Drawing further upon the themes of the movement, and the relationship between societal traditions and globalisation, Madagascar-born artist Malala Andrialavidrazana presents works from her ongoing series Figures. Her series of large-scale prints use identifiable signs, symbols and clichés of the recent past, from outdated atlases to bank notes and world stamps, questioning how inaccurate information, biased cultural norms and imagined hierarchies can be used to cement power and domination.

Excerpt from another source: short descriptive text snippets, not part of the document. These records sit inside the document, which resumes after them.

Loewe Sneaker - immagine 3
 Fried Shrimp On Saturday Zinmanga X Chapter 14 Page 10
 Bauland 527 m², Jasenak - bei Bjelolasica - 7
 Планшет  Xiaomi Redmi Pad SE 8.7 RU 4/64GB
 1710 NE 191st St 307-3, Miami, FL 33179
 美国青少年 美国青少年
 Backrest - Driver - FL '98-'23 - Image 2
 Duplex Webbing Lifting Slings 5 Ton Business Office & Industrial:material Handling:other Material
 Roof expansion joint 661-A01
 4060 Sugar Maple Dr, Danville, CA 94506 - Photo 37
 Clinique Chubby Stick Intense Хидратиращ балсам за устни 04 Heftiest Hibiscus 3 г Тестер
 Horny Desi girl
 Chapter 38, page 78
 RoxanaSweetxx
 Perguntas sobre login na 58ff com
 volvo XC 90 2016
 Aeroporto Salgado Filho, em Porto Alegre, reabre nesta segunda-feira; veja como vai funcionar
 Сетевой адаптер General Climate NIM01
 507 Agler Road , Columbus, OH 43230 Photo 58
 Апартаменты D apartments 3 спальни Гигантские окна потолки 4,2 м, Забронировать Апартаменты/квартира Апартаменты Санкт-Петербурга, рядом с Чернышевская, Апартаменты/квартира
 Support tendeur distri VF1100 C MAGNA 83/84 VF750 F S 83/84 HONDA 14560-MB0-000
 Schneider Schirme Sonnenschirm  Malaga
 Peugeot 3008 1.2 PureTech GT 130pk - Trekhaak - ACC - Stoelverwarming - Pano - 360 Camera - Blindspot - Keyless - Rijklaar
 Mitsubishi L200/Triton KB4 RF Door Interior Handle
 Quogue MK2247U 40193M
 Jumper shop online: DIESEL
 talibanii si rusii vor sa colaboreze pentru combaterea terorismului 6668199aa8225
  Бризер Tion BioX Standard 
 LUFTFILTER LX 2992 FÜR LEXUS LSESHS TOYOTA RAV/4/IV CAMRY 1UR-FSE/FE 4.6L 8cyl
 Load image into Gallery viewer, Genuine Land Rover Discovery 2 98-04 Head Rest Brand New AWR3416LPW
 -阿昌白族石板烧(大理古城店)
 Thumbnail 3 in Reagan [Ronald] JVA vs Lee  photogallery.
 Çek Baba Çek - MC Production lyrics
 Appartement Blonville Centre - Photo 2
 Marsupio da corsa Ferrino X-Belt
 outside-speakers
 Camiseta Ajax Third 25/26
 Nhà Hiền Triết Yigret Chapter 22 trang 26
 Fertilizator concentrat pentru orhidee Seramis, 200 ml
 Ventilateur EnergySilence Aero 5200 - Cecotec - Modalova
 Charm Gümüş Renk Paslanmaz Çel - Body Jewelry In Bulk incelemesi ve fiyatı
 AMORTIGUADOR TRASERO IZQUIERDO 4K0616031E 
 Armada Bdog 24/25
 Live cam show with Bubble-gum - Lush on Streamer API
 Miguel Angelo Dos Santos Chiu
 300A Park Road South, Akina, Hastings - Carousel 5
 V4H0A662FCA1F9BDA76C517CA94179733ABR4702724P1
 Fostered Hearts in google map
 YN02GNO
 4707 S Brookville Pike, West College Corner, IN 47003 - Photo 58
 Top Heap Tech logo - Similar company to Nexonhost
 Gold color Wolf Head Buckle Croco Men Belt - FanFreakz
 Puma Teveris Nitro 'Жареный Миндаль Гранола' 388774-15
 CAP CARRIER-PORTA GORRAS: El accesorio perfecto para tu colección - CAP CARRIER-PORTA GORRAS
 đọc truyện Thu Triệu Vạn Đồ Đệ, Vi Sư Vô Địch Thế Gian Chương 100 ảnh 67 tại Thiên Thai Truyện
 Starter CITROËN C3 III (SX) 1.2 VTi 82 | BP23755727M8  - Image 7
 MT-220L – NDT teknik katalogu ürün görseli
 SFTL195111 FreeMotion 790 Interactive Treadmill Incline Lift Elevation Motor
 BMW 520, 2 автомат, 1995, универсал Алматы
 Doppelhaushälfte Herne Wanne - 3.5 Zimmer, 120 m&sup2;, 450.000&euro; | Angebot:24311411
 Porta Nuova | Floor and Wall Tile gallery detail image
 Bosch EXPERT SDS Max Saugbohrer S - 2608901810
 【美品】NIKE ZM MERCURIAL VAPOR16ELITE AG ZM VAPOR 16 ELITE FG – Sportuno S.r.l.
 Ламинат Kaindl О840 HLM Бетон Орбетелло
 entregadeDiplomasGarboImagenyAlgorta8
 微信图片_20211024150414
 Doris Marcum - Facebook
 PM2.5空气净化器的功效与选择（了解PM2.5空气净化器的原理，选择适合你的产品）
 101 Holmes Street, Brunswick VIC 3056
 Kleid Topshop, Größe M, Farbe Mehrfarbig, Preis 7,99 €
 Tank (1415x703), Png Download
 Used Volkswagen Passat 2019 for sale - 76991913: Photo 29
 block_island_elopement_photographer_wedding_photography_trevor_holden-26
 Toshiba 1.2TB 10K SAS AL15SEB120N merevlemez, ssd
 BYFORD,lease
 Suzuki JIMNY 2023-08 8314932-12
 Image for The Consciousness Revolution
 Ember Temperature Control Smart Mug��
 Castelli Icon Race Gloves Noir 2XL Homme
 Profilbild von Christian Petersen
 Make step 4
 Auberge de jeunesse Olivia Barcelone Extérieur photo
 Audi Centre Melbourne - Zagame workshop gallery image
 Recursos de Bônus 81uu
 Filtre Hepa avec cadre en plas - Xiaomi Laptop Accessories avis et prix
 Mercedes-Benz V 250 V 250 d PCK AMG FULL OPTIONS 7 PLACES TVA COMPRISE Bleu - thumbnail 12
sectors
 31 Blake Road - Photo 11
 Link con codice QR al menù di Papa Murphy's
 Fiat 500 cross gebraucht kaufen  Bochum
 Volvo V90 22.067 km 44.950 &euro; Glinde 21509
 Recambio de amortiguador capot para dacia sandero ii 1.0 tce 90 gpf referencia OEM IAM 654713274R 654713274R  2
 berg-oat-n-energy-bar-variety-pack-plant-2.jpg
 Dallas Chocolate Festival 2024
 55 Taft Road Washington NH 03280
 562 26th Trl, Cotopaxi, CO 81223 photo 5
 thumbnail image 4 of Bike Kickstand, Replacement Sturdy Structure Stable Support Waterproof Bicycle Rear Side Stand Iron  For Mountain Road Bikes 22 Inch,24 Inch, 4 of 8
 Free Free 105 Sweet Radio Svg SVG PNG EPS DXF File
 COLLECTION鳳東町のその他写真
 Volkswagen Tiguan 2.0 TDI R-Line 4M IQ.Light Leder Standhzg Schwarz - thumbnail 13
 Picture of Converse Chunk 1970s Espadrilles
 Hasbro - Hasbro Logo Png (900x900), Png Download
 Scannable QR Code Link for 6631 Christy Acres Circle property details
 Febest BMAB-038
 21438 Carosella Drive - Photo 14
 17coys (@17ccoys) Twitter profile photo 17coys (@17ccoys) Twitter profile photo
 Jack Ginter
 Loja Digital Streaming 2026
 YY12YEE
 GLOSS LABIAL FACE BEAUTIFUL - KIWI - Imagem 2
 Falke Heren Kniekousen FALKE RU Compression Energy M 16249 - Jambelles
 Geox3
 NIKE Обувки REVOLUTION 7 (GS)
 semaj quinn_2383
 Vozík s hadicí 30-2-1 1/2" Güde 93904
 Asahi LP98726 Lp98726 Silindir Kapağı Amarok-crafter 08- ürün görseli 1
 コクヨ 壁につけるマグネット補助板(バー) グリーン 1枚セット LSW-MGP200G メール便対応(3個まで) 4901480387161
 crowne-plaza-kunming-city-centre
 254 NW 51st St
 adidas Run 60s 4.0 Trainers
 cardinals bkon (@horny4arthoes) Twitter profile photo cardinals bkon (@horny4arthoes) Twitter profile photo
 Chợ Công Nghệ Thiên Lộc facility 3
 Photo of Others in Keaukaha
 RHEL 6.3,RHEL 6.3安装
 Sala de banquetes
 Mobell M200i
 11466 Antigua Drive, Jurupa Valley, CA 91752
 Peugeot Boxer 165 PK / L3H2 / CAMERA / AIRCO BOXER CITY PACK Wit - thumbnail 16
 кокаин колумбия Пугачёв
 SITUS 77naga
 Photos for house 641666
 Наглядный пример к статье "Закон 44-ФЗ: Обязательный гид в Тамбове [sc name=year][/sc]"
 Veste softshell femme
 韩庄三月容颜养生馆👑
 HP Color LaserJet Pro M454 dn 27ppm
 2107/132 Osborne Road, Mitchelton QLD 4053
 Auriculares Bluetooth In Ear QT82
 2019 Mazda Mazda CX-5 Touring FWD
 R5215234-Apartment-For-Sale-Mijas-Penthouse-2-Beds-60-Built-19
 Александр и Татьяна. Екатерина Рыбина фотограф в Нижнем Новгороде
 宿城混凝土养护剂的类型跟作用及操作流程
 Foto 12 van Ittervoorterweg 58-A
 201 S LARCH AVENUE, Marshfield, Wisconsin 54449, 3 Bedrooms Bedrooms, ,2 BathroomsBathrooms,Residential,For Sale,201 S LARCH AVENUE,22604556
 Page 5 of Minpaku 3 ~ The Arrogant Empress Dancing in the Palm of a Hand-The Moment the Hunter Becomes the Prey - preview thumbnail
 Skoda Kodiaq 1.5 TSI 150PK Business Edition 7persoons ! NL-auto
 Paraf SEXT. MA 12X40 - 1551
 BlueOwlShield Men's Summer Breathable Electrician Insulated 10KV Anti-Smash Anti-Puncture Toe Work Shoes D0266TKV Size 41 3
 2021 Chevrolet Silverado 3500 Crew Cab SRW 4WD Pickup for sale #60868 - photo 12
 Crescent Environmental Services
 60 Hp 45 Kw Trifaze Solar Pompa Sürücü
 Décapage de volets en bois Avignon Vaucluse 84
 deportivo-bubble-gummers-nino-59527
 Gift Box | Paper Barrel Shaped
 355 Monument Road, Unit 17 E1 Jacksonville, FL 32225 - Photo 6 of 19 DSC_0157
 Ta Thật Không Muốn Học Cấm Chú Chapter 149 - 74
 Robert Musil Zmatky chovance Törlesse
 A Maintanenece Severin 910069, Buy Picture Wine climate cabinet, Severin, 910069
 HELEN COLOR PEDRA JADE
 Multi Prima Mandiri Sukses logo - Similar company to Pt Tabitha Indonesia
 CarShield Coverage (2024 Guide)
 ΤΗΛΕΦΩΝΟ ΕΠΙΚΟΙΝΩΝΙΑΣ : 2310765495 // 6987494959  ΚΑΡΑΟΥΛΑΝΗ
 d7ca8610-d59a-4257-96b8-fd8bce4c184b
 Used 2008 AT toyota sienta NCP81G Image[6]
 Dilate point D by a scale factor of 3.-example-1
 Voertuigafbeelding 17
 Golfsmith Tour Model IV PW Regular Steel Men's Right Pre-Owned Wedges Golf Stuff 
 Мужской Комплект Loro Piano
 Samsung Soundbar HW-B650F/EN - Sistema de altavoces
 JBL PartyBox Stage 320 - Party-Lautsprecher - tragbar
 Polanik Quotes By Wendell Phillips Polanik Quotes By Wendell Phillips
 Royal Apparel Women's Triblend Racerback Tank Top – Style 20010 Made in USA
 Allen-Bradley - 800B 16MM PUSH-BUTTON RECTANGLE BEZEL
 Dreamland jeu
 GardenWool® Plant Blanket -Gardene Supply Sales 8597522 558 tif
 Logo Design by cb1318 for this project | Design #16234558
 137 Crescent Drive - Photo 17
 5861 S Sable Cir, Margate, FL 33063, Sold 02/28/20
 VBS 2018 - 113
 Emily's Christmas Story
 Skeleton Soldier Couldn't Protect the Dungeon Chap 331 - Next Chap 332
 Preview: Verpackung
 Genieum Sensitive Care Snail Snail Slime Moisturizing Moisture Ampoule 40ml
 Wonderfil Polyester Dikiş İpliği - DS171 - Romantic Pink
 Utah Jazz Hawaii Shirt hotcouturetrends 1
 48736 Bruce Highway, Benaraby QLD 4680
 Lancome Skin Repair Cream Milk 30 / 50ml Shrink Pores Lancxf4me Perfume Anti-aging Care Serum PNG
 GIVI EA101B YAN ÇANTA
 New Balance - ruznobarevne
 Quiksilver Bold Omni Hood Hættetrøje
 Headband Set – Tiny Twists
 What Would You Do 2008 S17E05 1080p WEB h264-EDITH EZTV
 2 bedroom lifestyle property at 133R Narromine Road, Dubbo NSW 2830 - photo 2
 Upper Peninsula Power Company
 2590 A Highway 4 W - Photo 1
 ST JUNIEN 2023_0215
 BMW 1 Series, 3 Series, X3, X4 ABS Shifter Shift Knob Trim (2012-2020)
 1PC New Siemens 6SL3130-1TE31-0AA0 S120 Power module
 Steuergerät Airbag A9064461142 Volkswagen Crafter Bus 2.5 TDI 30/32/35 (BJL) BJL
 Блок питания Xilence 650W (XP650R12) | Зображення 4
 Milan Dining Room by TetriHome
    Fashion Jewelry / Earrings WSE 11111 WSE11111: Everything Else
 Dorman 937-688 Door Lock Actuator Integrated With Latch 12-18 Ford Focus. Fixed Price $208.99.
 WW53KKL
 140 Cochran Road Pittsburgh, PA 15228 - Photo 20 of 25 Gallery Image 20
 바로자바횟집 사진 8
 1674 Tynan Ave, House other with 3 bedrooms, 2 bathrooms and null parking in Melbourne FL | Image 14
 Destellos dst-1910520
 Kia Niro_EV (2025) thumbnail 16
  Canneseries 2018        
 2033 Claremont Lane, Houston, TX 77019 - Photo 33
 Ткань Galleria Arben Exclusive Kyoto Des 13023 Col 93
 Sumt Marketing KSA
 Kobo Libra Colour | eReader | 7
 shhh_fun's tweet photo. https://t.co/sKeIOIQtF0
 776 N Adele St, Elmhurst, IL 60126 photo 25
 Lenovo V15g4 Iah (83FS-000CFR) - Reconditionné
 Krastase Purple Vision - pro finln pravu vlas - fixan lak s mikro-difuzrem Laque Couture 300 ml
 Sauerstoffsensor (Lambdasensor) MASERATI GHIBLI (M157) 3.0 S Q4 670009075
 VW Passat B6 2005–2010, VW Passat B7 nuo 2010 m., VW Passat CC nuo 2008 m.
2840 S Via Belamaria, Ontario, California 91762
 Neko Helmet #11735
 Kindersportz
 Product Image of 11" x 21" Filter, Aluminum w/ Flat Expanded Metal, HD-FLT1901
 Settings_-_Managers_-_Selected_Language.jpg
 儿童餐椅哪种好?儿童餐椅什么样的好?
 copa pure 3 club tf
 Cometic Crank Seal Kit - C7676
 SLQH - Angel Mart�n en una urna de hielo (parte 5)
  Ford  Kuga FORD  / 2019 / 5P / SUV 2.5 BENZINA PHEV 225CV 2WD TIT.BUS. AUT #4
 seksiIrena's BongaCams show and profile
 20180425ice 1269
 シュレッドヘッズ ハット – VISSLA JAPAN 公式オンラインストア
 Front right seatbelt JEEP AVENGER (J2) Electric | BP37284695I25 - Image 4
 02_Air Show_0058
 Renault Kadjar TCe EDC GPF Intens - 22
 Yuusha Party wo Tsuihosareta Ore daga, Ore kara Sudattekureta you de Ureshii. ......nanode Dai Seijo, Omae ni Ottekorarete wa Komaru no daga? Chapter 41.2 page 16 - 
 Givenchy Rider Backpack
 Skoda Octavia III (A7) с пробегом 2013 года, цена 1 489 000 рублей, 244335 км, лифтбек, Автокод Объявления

Artist duo Mazenett Quiroga explore the relationships between living organisms and how the ‘resources’ in their ecosystems, both mineral and biological, are appropriated and expanded across cultures, becoming integral to globalised economies and our daily lives. Drawing upon a fascination with the jaguar, present as a physical and spiritual animal in most native American cultures, the artists explored the animal’s habitat in the Colombian Amazon and the Lacandon jungle of Mexico, where mineral mining is threatening the environment.
Two video works complete the exhibition. Alberta Whittle’s from the forest to the concrete (to the forest) (2019) was developed during the aftermath of Hurricane Dorian in 2019, one of the most powerful cyclones to strike the Caribbean in modern times. Whittle interweaves performance with footage of the cyclone’s destruction, calling upon viewers to reflect upon their relative comfort living in the UK and elsewhere, in contrast to the destructive impact of the weather and societal inequalities affecting other parts of the world. Filmmaker Louis Henderson uses film to critique European colonial history in The Sea is History, presenting an adaption of Derek Walcott’s poem of the same name, overlayed with imagery filmed on Lago Enriquillo in the Dominican Republic, a hyper-salinated lake that continually floods the border with Haiti due to the drastic rise in sea temperatures affecting the global ocean.